Work item = Copy the records word for word. Pictures do not go in.

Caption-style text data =
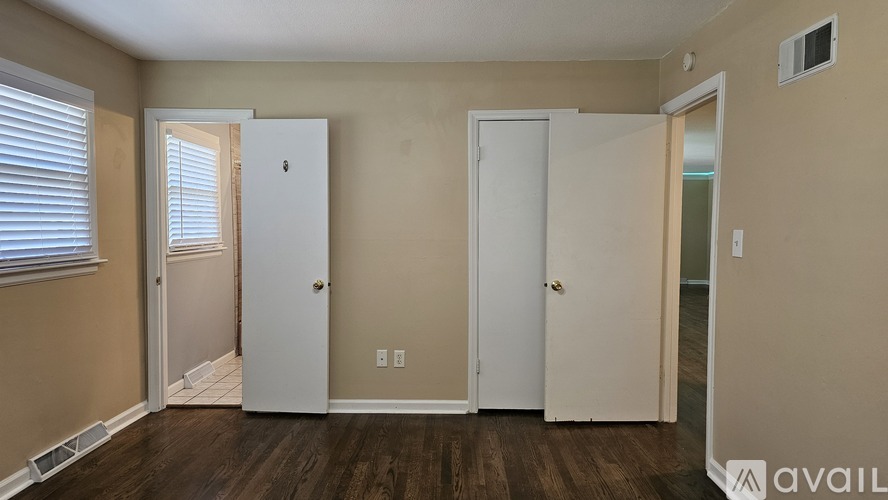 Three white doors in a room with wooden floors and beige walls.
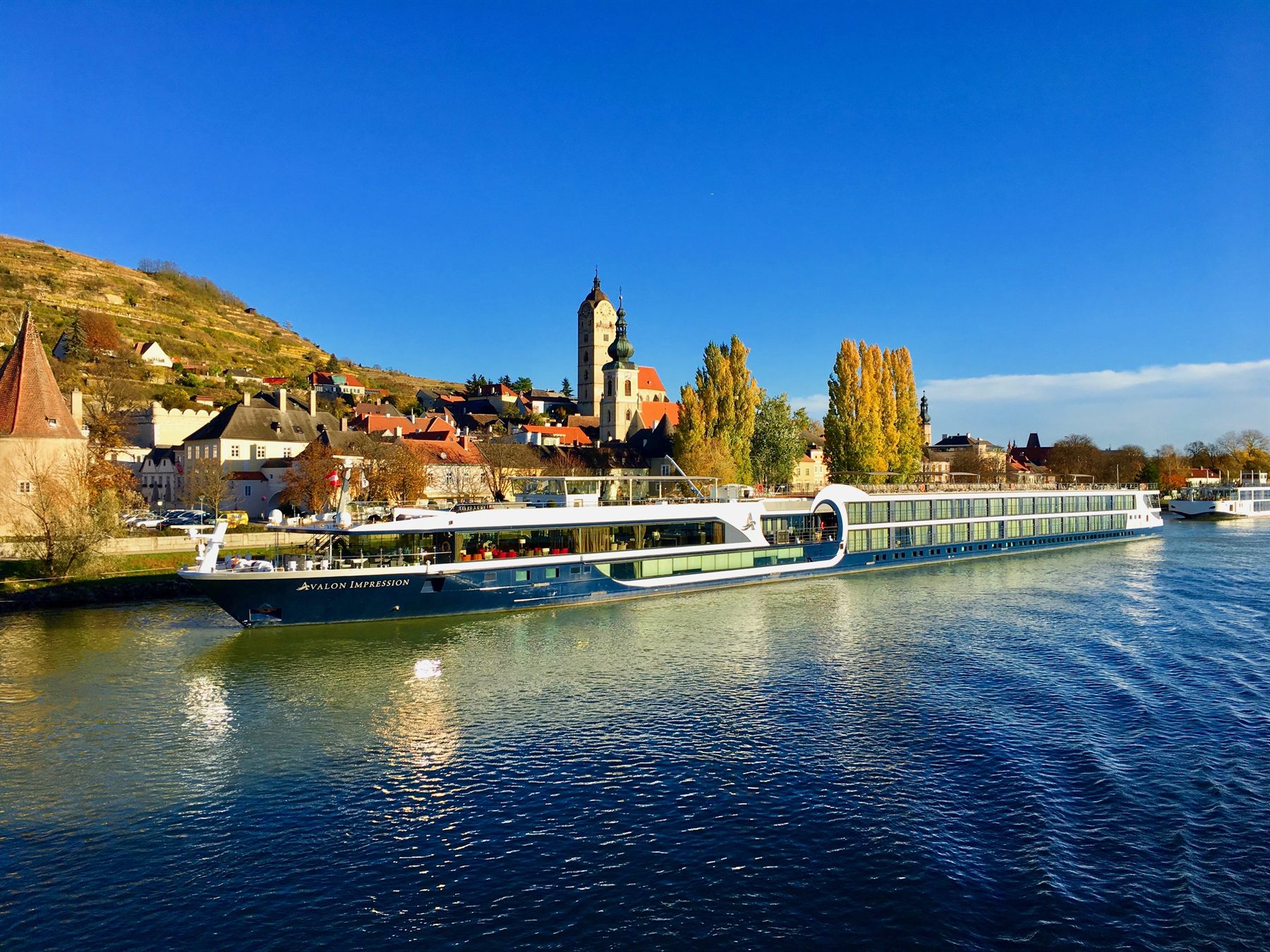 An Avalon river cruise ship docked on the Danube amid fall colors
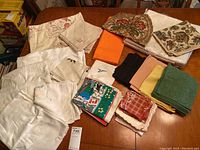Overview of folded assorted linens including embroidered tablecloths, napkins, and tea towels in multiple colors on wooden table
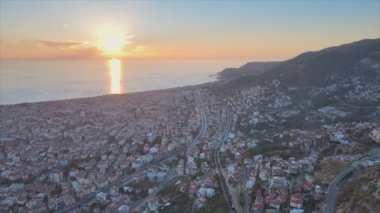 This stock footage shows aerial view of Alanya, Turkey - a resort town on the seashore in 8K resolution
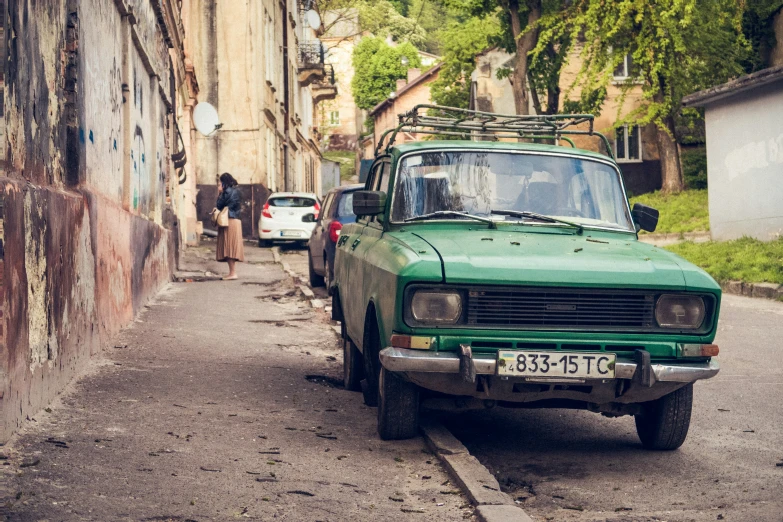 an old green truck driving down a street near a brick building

Result of the exercise =
 Three white doors in a room with wooden floors and beige walls.
 An Avalon river cruise ship docked on the Danube amid fall colors
Overview of folded assorted linens including embroidered tablecloths, napkins, and tea towels in multiple colors on wooden table
 This stock footage shows aerial view of Alanya, Turkey - a resort town on the seashore in 8K resolution
 an old green truck driving down a street near a brick building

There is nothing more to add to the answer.